Al termine dell’esperienza di ciascun gruppo, il referente del progetto, un
insegnante della classe preventivamente designato, compila le schede di
valutazione con l’aiuto dei tutors scolastici che insieme alle schede del tutor
aziendale, andranno inserite nella cartellina dello studente.
A fine anno gli studenti dovranno presentare una relazione sulla loro
esperienza al cospetto dei compagni e dei docenti del consiglio di classe
riunito appositamente per stilare un giudizio sull’esperienza.
In un secondo momento è prevista una presentazione sintetica ai genitori e ai
rappresentanti degli enti partner.
• Le finalità del progetto
Il progetto si propone prioritariamente di offrire agli studenti
un’esperienza formativa unica e preziosa nell’ambito della quale i ragazzi
possono venire a contatto diretto con ricercatori di altissimo livello per
sperimentare i metodi di una ricerca scientifica avanzata.

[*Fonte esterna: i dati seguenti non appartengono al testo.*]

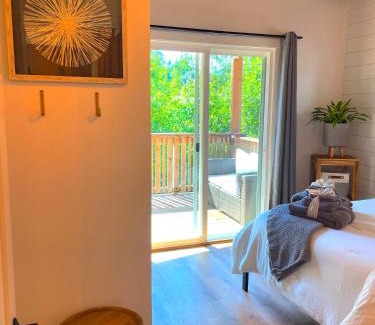 Forestville Casa | Private Wine Country-River Bungalow! Sunny Treetop Views - Pets Stay Free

Il progetto contribuirà ad un maggior coinvolgimento degli studenti
nell'attività didattica, essendo le argomentazioni proposte di estrema attualità
(nei contenuti e nei mezzi) e attinenti con la tipologia di studi. L'obiettivo
finale di presentare il proprio lavoro ad un pubblico svilupperà interesse nelle
attività, stimolando i ragazzi ad essere creativi e a sentirsi più partecipi e
protagonisti della comunità scolastica e della società. Parlando in pubblico gli
studenti miglioreranno le loro capacità linguistiche-espositive, attrezzandosi
con un linguaggio articolato ma semplice, necessario per una comunicazione
scientifica a un’utenza non specialistica. Inoltre l'approccio sperimentale
dell’apprendimento in alternanza contribuirà a formare una mentalità scientifica
negli studenti e di conseguenza una maggior capacità critica in grado di
valutare le indagini/ricerche non sulla spinta emotiva, ma sui dati ottenuti
dalle misure e dalle ricerche scientifiche.

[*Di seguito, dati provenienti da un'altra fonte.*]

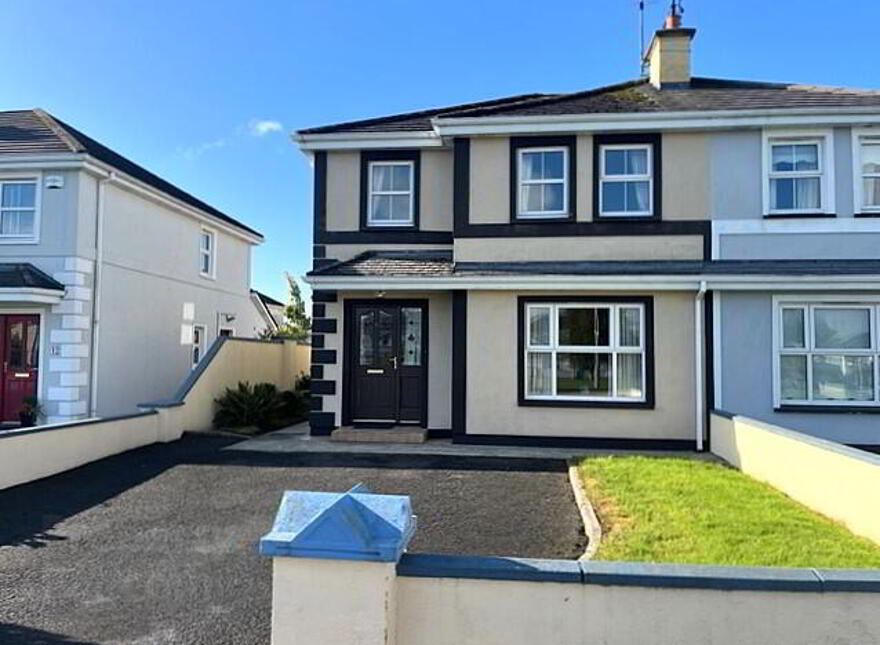 13 Elmwood, Claremorris photo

Tale iniziativa ha due obiettivi formativi di grande rilevanza: il primo
relativo alla possibilità di apprendere le metodologie e le finalità di una
ricerca sul campo di eccellente livello; il secondo riguarda un percorso di
sensibilizzazione e di comprensione nei confronti della malattia e del malato.
Riteniamo sia molto importante che i nostri studenti siano in grado di
comprendere non solo gli aspetti tecnici di una ricerca medica finalizzata alla
cura di gravi malattie ma anche il risvolto umano che da un lato supporta
e dall’altro sopporta questi protocolli di cura.
Gli studenti che quest’anno hanno partecipato al progetto, hanno dimostrato
di saper cogliere l’essenza della nostra proposta.